XIV. ЗА СОВЕТОМ К АПОЛЛОНУ

   В солнечном, полном цветов гнездышке Алкивиада под Колоном дела определенно не шли. Стоило Алкивиаду, уступая просьбам Гиппареты, которую он, действительно, любил — как он, действительно, любил и других женщин, пересекавших его жизненный путь, — уступить ей и остаться там, в тиши деревни, как его начинала разбирать мучительная зевота. В Афинах он любил не только благосклонных красавиц, восхищение толпы и возможность всяких политических приключений, но и возможность не быть с собою наедине: обаятельный собеседник с другим, а особенно за чашей вина, хотя бы и не хиосского, Алкивиад становился туп, сер и скучен с глазу на глаз с Алкивиадом. И с Гиппаретой тоже. Сельским делом он не интересовался ни в малейшей степени и очень скоро все управление этим прелестным уголком перешло к вольноотпущеннику поэта Фарсагора, распорядительному Фенику. Фарсагору надоели Афины, непрекращающаяся, хотя и значительно ослабевшая чума, политические судороги, а кроме того, он решил, что ему пора уже бросить все эти оды и элегии и посвятить себя трагедии. Остряки говорили о нем: «Лавры Софокла и Еврипида не дают спать Фарсагору». А для того чтобы хорошенько написать трагедию, надо, думал он, уехать куда-нибудь. Он выбрал, наконец, пышный Акрагас, в Сицилии, и, забрав с собой Эльпинику, хорошенькую, но немножко сонную лесбийку, и хороший запас пергамента — он считая неприличным творить на папирусе — уехал. Перед самым отъездом ловкий Феник выпросил у него вольную и для своего племянника, Антикла — его родители погибли во время чумы — взял место управляющего у беспечного Алкивиада, вполне правильно рассчитав, что рассеянная жизнь молодого аристократа даст ему возможность приумножить свои запасы, которые были уже значительны, и от Фарсагора.

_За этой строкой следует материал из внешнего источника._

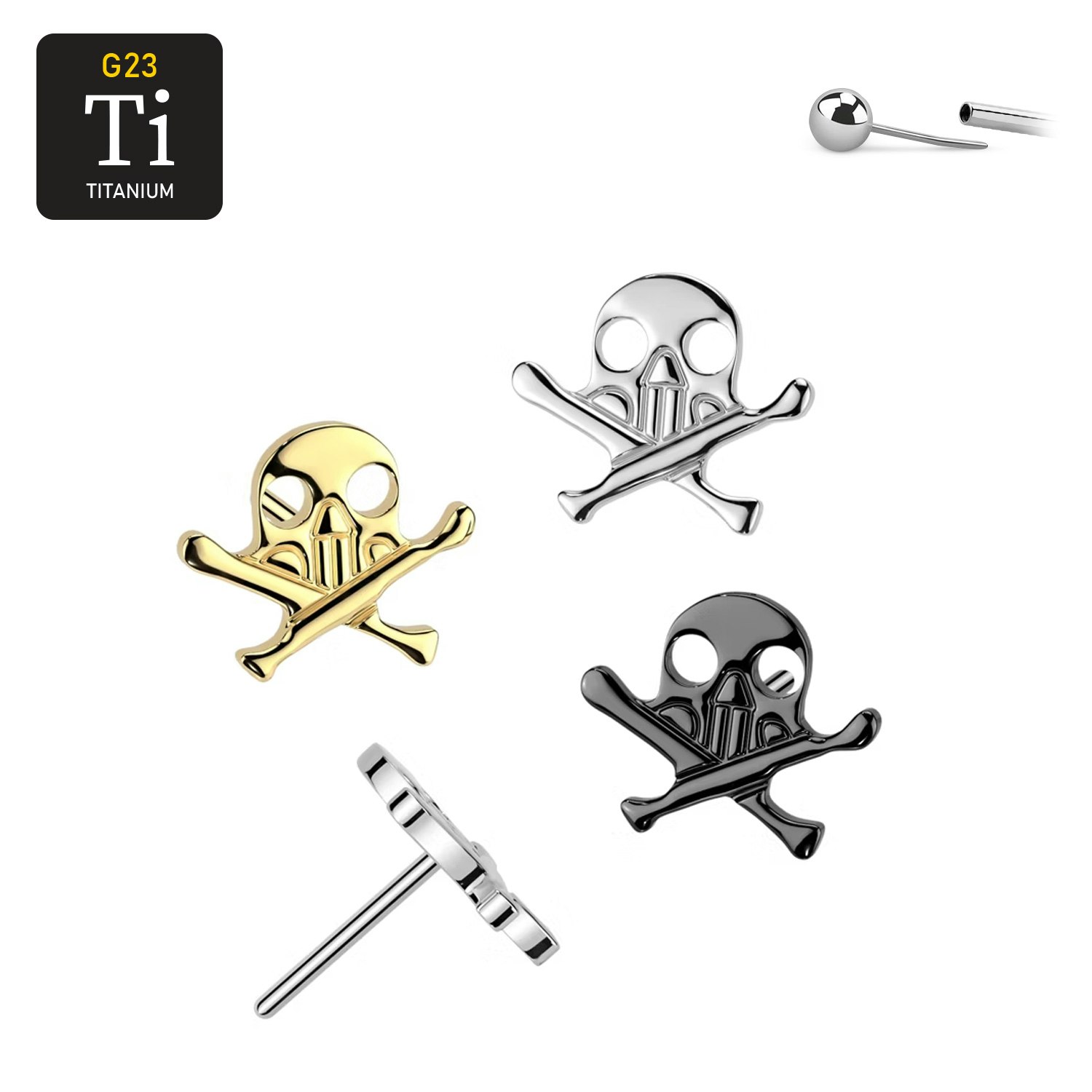 Threadless topp i titanium - Dödskalle med ben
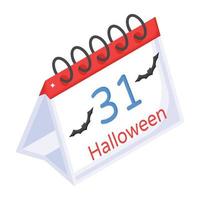 Isometric icon of halloween date with editable facility vector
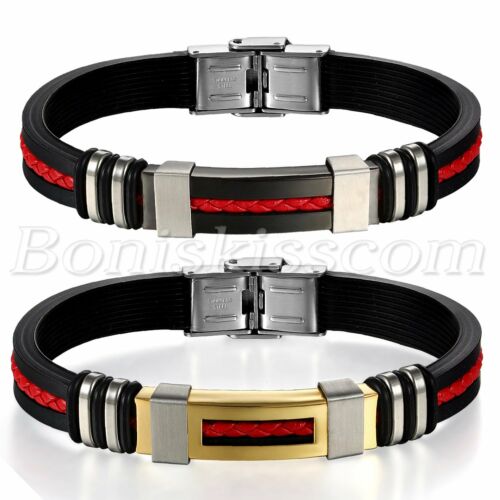 Men's Stainless Steel Black Silicone Inlaid Braided Leather Bracelet Bangle Cuff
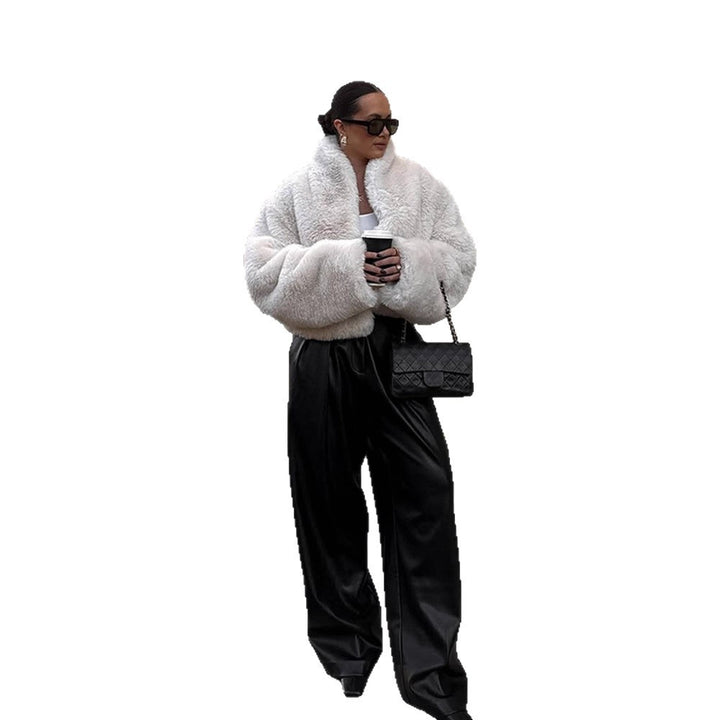 Women's Short Cozy Faux-Fur Bomber Jacket with Voluminous Shawl Collar and Boxy Silhouette Amarae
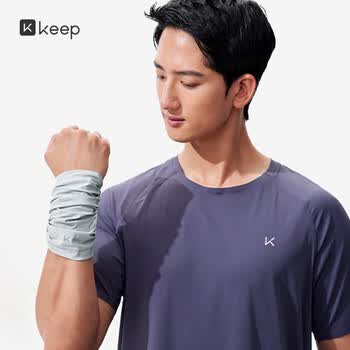Keep擦汗手腕巾 跑步羽毛球毛巾护腕运动健身房装备吸湿导汗透气 灰
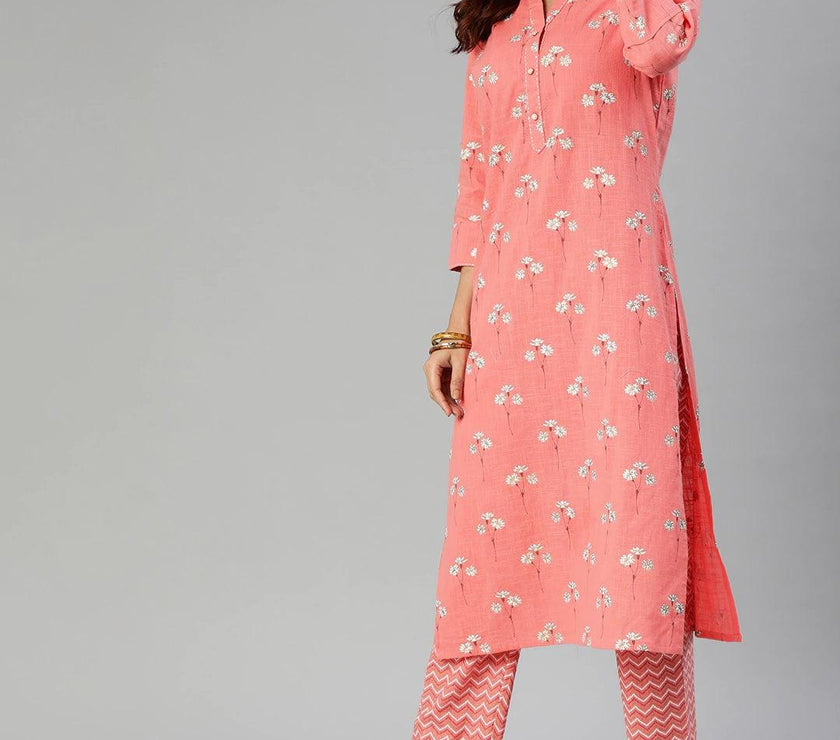 Divena Pink Flower Print Cotton Kurta Set - divena world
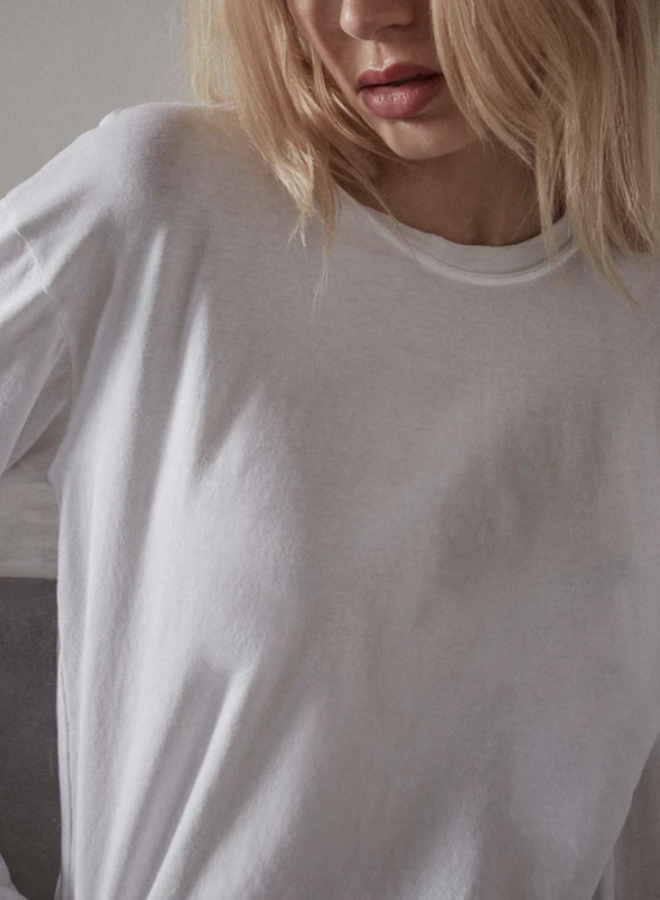 VINTAGE BOXY LONG SLEEVE TEE IN WHITE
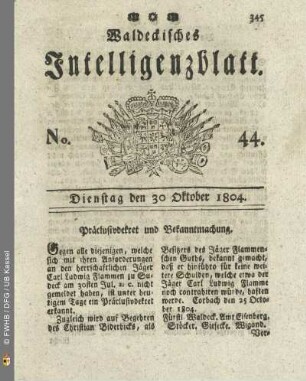 No. 44. Dienstag den 30 Oktober 1804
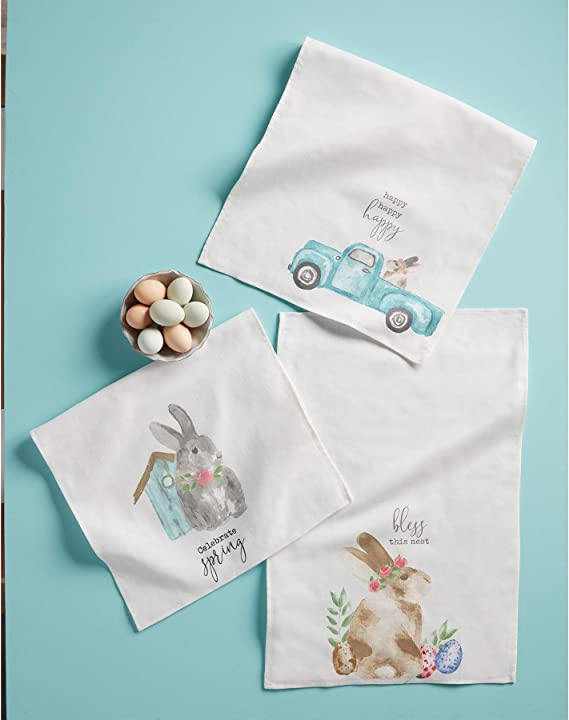 Mud Pie Bunny Flower Patch Towel - Thumbnail 2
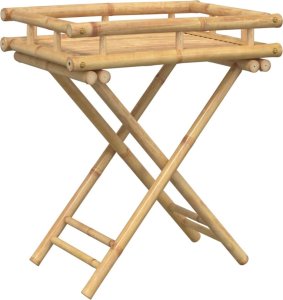 vidaXL Składany stolik ogrodowy z tacą, 60x40x68 cm, bambusowy 2
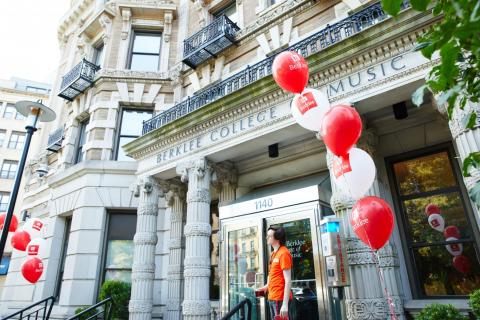 Berklee College of Music with red and white balloons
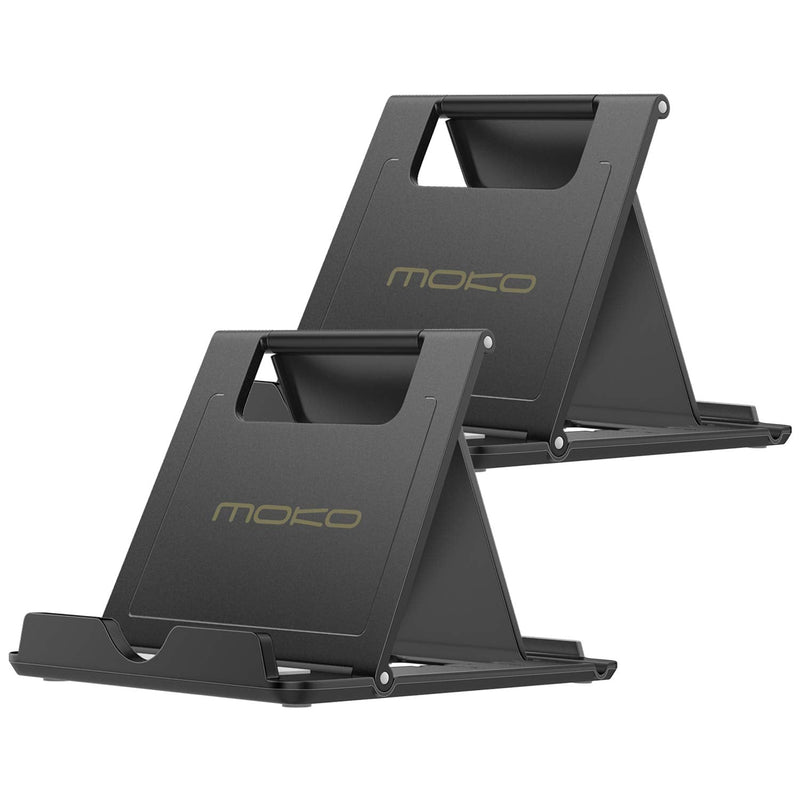 [Australia - AusPower] - MoKo [2 Pack Phone/Tablet Stand, Foldable Desktop Holder for 4-11" Devices, Fit with iPhone 13 Pro Max/13, iPhone 12/12 pro Max/11/Xs Max, iPad Air 4/Mini 6 2021, iPad 9th 10.2, Galaxy S20, Black 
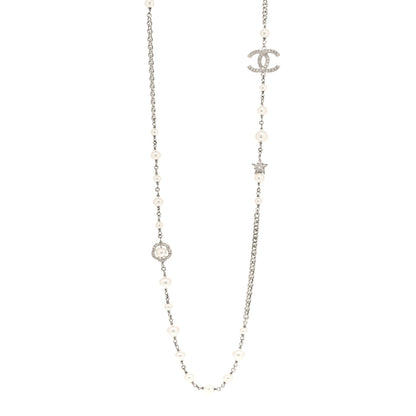 Chanel Pearl CC Star Long Necklace Silver 1 of 5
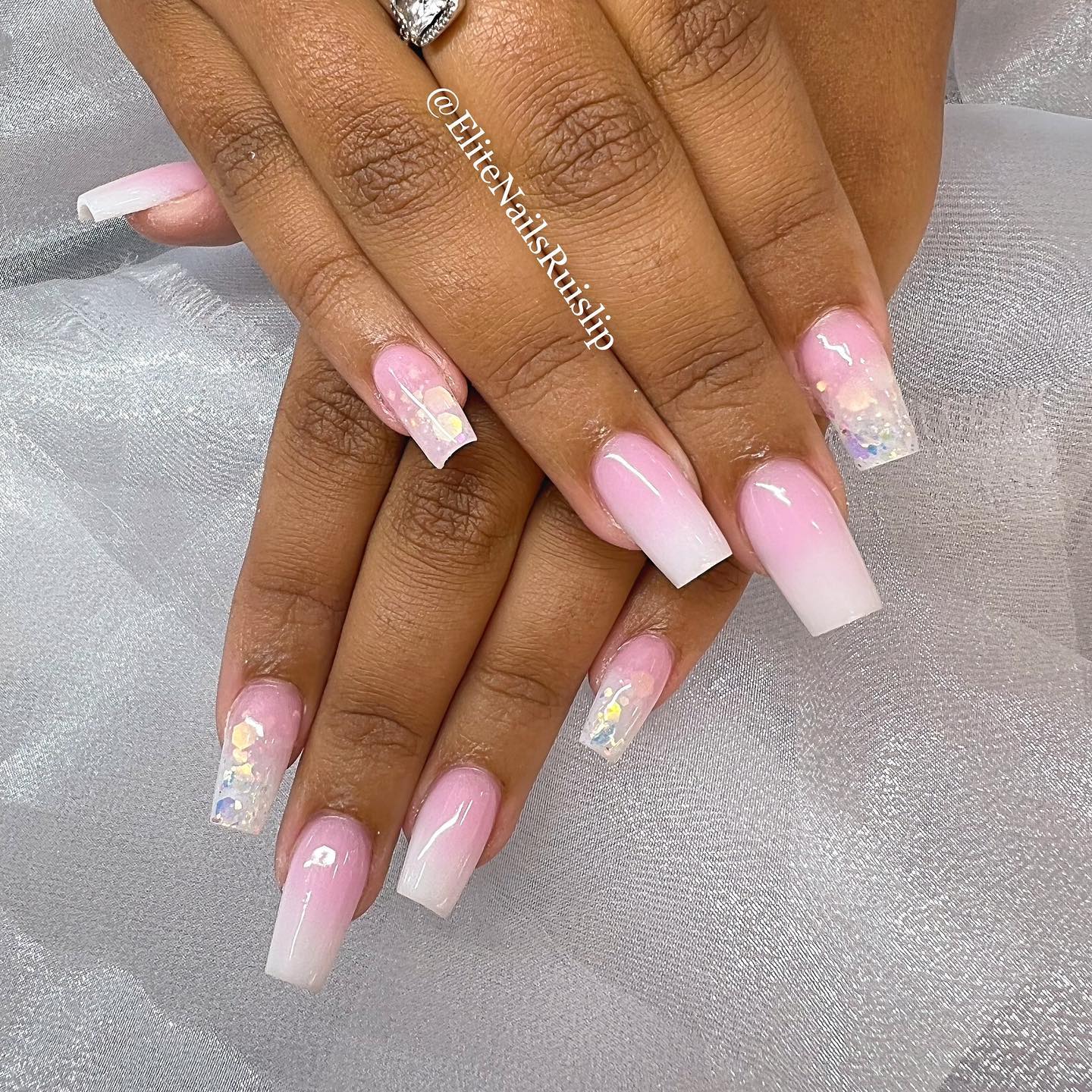 Pink and white french ombre on coffin nails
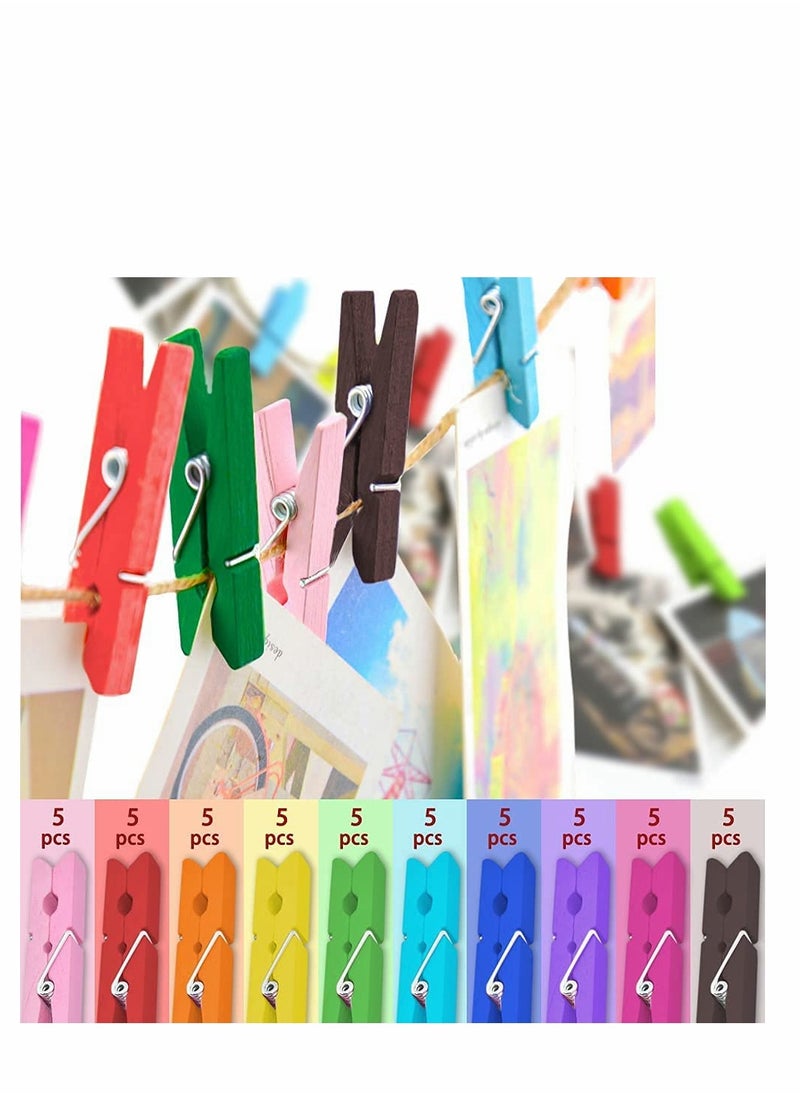 KASTWAVE Clothespins,  50PCS Colored Wooden Clothespins, 2.9inch 10 Color Clothes Pins for Clip Pictures Photos Decorative, Small Colorful Wood Decoration...  - Image 4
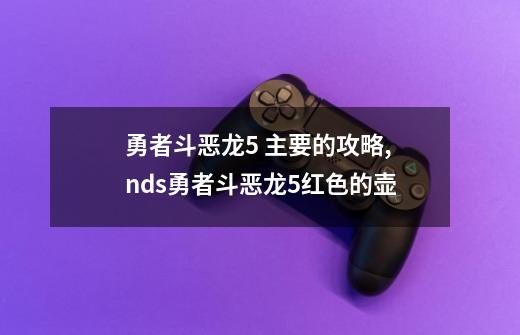 勇者斗恶龙5 主要的攻略,nds勇者斗恶龙5红色的壶-第1张-游戏相关-龙启科技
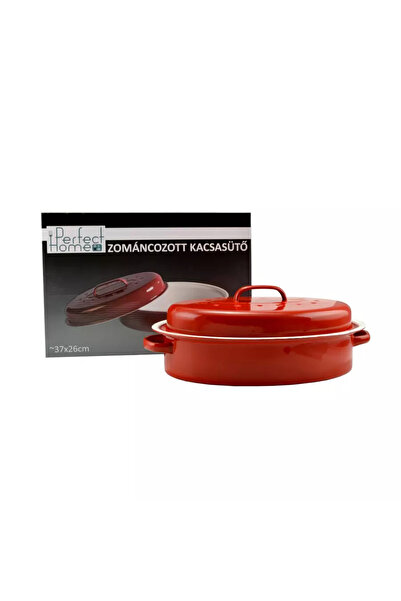Perfect Home Enameled Pan with Lid for Cooking Duck 37x26 cm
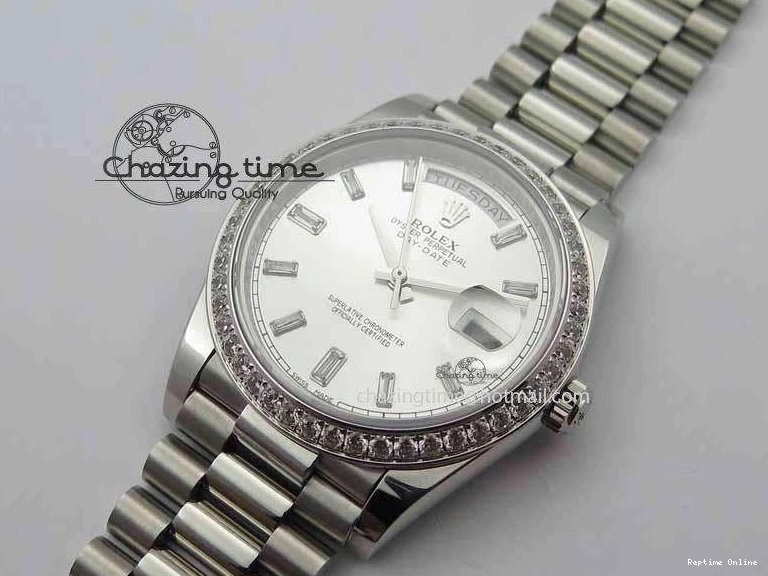 0126 TechFriendly Day Date 40mm SS BP Maker Best Edition Diamond Bezel Silver Dial On SS Bracelet ETA 3696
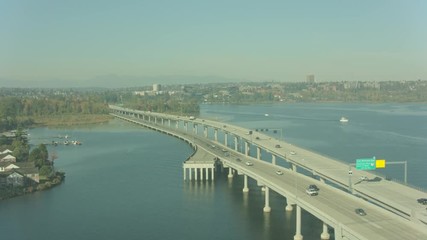 Aerial USA Highway Road in Seattle Washington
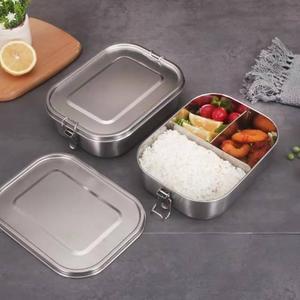 Stainless Steel Lunch Box - Food Storage Container with Removable Divider - Leak-proof Thanks to Silicone Seal - Storage Box 1100 ml - Camping/Picnic (Pack of 1-1100 ml)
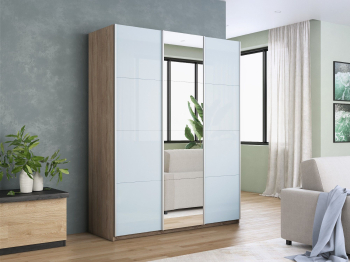 Шкаф-купе Прайм 3-х дверный Стекла белые/Зеркало/Доводчики 180х57х230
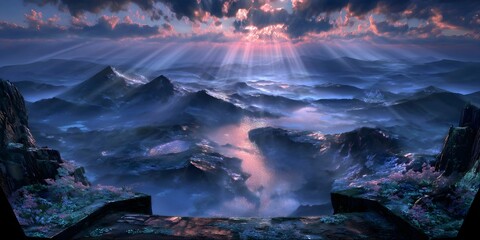 Fototapeta premium Celestial Majesty: A breathtaking vista unfolds, revealing the majesty of mountains beneath an ethereal sky, where sunrays pierce through the clouds, casting a spell of wonder and serenity.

Скверно было, что там, в глуши, нельзя было отдать мальчишку в школу, — в Афинах они не были ни общедоступными, ни бесплатными: за науку надо было платить до десяти франков золотом в год — но все равно мальчишку за его художества не держали нигде. Придется пороть… Эти неугасимые бои дядюшки с сорвиголовой Антиклом были единственным развлечением Алкивиада в деревне: он с хохотом смотрел, как задыхающийся дядюшка дает угонки за вертлявым мальчишкой, трясется от злости, призывает на голову сорванца все кары земные и небесные, но ничего сделать не может. Иногда Алкивиад даже прятал мальчугана от разъяренного дядюшки и — хохотал…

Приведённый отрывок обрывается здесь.